Découvrez Saint-Mihiel

La Petite Florence Lorraine

Visitez Saint-Mihiel c'est se laisser conter l'histoire de son ancienne abbaye bénédictine et se laisser surprendre par ses élégantes demeures et hôtels particuliers, tout au long d'un parcours jalonné de panneaux dévoilant tout le patrimoine et l'histoire de cette cité qui vit naître au XVIe siècle l'un des artistes les plus talentueux de la Renaissance en Lorraine, le sculpteur Ligier Richier.

 

Ancienne capitale du Barrois non-mouvant, troisième ville du duché de Lorraine, Saint-Mihiel, la Petite Florence Lorraine est la porte du Parc Naturel Régional de Lorraine. Entourée de forêts, elle se trouve au centre de la Meuse entre Verdun et Commercy et à seulement 60 km de Nancy et Metz.



Plan du bourg de Saint-Mihiel au 11e siècle
Plan du Bourg de Saint-Mihiel au XIVe siècle

La ville de Saint-Mihiel peut s'enorgueillir d'un riche passé religieux, judiciaire, artistique et intellectuel. L'histoire de Saint-Mihiel est intimement liée à celle de l'abbaye bénédictine Saint-Michel, dont la fondation remonterait au milieu du VIIIe siècle. Située au bord du ruisseau de la Marsoupe en vue d'y installer une communauté monastique, l'abbé prieur Smaragde, fit transférer l'abbaye, vers 815, au confluent de la Marsoupe et de la Meuse, marquant ainsi les débuts du rayonnement spirituel et intellectuel de l'abbaye, et plus largement de la cité. En 1090, la comtesse Sophie de Bar fit construire un château fort, surplombant le bourg et l'abbaye. Doté d'une courtine et d'un pont dormant placé à l'entrée du donjon, le château était pourvu au milieu du XIIIe siècle d'une chapelle castrale. En 1301, par traité de Bruges, Saint-Mihiel devint la capitale d'un état souverain ne dépendant d'aucun seigneur "le Barrois non mouvant", contrairement au domaine de Bar "le Barrois mouvant", assujetti au roi de France.
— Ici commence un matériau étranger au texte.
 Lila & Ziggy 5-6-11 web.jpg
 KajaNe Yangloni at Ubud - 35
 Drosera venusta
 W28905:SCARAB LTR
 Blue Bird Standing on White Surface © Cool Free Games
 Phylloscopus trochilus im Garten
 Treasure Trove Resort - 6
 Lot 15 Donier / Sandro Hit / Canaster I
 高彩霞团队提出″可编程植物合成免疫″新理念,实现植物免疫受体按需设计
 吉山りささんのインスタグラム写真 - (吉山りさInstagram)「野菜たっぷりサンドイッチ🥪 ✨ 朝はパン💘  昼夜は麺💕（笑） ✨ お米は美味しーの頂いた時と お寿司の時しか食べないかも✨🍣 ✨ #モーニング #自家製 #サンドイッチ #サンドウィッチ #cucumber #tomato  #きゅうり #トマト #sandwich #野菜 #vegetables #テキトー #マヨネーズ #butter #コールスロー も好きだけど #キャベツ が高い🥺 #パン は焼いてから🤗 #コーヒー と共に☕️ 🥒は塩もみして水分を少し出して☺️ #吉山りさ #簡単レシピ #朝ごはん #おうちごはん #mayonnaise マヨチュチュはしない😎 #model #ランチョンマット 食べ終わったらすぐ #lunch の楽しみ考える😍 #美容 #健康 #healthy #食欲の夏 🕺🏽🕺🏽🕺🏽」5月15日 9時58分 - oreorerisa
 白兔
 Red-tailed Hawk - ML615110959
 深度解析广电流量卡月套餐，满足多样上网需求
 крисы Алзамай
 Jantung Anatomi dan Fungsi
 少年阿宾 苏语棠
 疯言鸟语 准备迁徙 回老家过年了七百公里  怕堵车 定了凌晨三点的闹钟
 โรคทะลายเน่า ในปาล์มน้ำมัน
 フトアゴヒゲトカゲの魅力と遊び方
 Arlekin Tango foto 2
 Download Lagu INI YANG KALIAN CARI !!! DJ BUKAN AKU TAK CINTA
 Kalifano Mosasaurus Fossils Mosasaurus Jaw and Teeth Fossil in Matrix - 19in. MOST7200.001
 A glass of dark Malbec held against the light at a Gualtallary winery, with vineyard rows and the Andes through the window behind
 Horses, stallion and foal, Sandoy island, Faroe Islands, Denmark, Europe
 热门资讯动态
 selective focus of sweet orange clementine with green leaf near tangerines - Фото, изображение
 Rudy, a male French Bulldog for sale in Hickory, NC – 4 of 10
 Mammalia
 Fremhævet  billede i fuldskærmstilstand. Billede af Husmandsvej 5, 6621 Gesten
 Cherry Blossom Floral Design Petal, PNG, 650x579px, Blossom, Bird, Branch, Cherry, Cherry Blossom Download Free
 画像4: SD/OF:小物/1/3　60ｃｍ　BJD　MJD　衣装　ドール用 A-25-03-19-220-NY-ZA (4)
Après la révolte des sammiellois contre l'autorité royale suite à la saisie du duché de Bar par le roi de France, Louis XIII ordonna le sac de Saint-Mihiel qui conduisit au démantèlement du château. Ce dernier fut transformé en carrière de pierre. Aujourd'hui seuls quelques vestiges subsistent de l'ancien château. dormant

Vestiges des escaliers du château castral de Saint-Mihiel
Vestiges du château

La pamoison de la vierge de Ligier Richier à l'abbaye Saint-Michel de Saint-Mihiel
La pamoison de la vierge de Ligier Richier

A partir du XVIe siècle, Saint-Mihiel devint le cœur d'un important foyer artistique avec comme chef de file Ligier Richier (1500-1567). Ce foisonnement artistique fut favorisé par la présence à Saint-Mihiel de l'abbé René de Maria, d'origine italienne, imprégné du faste de la Renaissance. L'implantation en 1571 d'une cour de justice permanente attira l'aristocratie et la bourgeoisie, participant ainsi  activement à l'essor économique de la cité. Saint-Mihiel vit naître au XVIIe siècle Jean Bérain, célèbre dessinateur et décorateur de théâtre et d'opéra à la cour de Louis XIV.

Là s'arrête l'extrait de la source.